WHAT YOU NEED TO DO — Your output must match the data word for word, with every line included.

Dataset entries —
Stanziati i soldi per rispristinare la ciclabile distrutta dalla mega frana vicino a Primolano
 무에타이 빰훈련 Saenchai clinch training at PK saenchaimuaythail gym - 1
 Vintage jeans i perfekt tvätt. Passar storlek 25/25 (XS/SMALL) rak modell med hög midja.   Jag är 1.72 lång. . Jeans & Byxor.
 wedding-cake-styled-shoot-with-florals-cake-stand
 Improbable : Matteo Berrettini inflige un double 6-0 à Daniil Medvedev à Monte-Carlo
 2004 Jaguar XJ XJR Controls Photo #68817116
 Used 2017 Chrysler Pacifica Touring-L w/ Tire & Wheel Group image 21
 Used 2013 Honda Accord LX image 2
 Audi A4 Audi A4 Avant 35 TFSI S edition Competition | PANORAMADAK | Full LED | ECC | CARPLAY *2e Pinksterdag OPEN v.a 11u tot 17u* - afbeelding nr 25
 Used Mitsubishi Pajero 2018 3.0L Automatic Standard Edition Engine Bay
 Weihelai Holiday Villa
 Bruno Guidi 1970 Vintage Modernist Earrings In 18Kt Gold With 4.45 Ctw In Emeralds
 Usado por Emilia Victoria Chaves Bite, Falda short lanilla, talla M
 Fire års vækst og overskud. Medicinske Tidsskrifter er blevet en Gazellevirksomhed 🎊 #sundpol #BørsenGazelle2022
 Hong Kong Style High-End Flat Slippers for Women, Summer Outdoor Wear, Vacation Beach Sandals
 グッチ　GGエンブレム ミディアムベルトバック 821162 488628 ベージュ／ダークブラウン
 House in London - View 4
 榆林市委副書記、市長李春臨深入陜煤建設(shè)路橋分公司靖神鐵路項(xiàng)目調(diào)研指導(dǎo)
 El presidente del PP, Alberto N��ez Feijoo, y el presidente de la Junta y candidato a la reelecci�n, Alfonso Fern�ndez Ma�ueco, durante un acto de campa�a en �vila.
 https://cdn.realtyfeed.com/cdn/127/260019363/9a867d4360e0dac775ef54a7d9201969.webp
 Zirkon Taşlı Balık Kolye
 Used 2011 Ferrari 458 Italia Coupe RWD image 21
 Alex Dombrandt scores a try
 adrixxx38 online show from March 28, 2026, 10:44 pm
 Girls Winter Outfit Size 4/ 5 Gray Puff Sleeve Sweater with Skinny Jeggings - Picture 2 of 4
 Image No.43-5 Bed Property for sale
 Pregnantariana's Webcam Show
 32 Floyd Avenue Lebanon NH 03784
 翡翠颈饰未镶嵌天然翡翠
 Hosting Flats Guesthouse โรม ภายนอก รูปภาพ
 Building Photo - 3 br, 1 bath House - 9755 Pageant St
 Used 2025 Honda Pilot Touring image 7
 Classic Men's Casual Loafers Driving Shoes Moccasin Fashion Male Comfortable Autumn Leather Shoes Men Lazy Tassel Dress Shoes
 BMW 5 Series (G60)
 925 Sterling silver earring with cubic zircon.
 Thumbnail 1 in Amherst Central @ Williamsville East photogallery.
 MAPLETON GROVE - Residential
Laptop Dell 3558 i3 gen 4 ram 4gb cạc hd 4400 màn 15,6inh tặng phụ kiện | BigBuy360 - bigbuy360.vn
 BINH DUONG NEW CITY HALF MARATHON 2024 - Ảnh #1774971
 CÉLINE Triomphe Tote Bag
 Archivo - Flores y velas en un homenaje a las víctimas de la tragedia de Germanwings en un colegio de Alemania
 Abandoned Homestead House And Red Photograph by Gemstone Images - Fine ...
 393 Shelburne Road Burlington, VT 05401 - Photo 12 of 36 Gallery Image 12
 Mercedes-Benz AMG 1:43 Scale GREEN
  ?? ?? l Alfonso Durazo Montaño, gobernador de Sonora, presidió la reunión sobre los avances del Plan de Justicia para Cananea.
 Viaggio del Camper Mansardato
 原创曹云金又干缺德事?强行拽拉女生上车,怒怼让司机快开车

SOLVED PROBLEM —
Stanziati i soldi per rispristinare la ciclabile distrutta dalla mega frana vicino a Primolano
 무에타이 빰훈련 Saenchai clinch training at PK saenchaimuaythail gym - 1
 Vintage jeans i perfekt tvätt. Passar storlek 25/25 (XS/SMALL) rak modell med hög midja.   Jag är 1.72 lång. . Jeans & Byxor.
 wedding-cake-styled-shoot-with-florals-cake-stand
 Improbable : Matteo Berrettini inflige un double 6-0 à Daniil Medvedev à Monte-Carlo
 2004 Jaguar XJ XJR Controls Photo #68817116
 Used 2017 Chrysler Pacifica Touring-L w/ Tire & Wheel Group image 21
 Used 2013 Honda Accord LX image 2
 Audi A4 Audi A4 Avant 35 TFSI S edition Competition | PANORAMADAK | Full LED | ECC | CARPLAY *2e Pinksterdag OPEN v.a 11u tot 17u* - afbeelding nr 25
 Used Mitsubishi Pajero 2018 3.0L Automatic Standard Edition Engine Bay
 Weihelai Holiday Villa
 Bruno Guidi 1970 Vintage Modernist Earrings In 18Kt Gold With 4.45 Ctw In Emeralds
 Usado por Emilia Victoria Chaves Bite, Falda short lanilla, talla M
 Fire års vækst og overskud. Medicinske Tidsskrifter er blevet en Gazellevirksomhed 🎊 #sundpol #BørsenGazelle2022
 Hong Kong Style High-End Flat Slippers for Women, Summer Outdoor Wear, Vacation Beach Sandals
 グッチ　GGエンブレム ミディアムベルトバック 821162 488628 ベージュ／ダークブラウン
 House in London - View 4
 榆林市委副書記、市長李春臨深入陜煤建設(shè)路橋分公司靖神鐵路項(xiàng)目調(diào)研指導(dǎo)
 El presidente del PP, Alberto N��ez Feijoo, y el presidente de la Junta y candidato a la reelecci�n, Alfonso Fern�ndez Ma�ueco, durante un acto de campa�a en �vila.
 https://cdn.realtyfeed.com/cdn/127/260019363/9a867d4360e0dac775ef54a7d9201969.webp
 Zirkon Taşlı Balık Kolye
 Used 2011 Ferrari 458 Italia Coupe RWD image 21
 Alex Dombrandt scores a try
 adrixxx38 online show from March 28, 2026, 10:44 pm
 Girls Winter Outfit Size 4/ 5 Gray Puff Sleeve Sweater with Skinny Jeggings - Picture 2 of 4
 Image No.43-5 Bed Property for sale
 Pregnantariana's Webcam Show
 32 Floyd Avenue Lebanon NH 03784
 翡翠颈饰未镶嵌天然翡翠
 Hosting Flats Guesthouse โรม ภายนอก รูปภาพ
 Building Photo - 3 br, 1 bath House - 9755 Pageant St
 Used 2025 Honda Pilot Touring image 7
 Classic Men's Casual Loafers Driving Shoes Moccasin Fashion Male Comfortable Autumn Leather Shoes Men Lazy Tassel Dress Shoes
 BMW 5 Series (G60)
 925 Sterling silver earring with cubic zircon.
 Thumbnail 1 in Amherst Central @ Williamsville East photogallery.
 MAPLETON GROVE - Residential
Laptop Dell 3558 i3 gen 4 ram 4gb cạc hd 4400 màn 15,6inh tặng phụ kiện | BigBuy360 - bigbuy360.vn
 BINH DUONG NEW CITY HALF MARATHON 2024 - Ảnh #1774971
 CÉLINE Triomphe Tote Bag
 Archivo - Flores y velas en un homenaje a las víctimas de la tragedia de Germanwings en un colegio de Alemania
 Abandoned Homestead House And Red Photograph by Gemstone Images - Fine ...
 393 Shelburne Road Burlington, VT 05401 - Photo 12 of 36 Gallery Image 12
 Mercedes-Benz AMG 1:43 Scale GREEN
  ?? ?? l Alfonso Durazo Montaño, gobernador de Sonora, presidió la reunión sobre los avances del Plan de Justicia para Cananea.
 Viaggio del Camper Mansardato
 原创曹云金又干缺德事?强行拽拉女生上车,怒怼让司机快开车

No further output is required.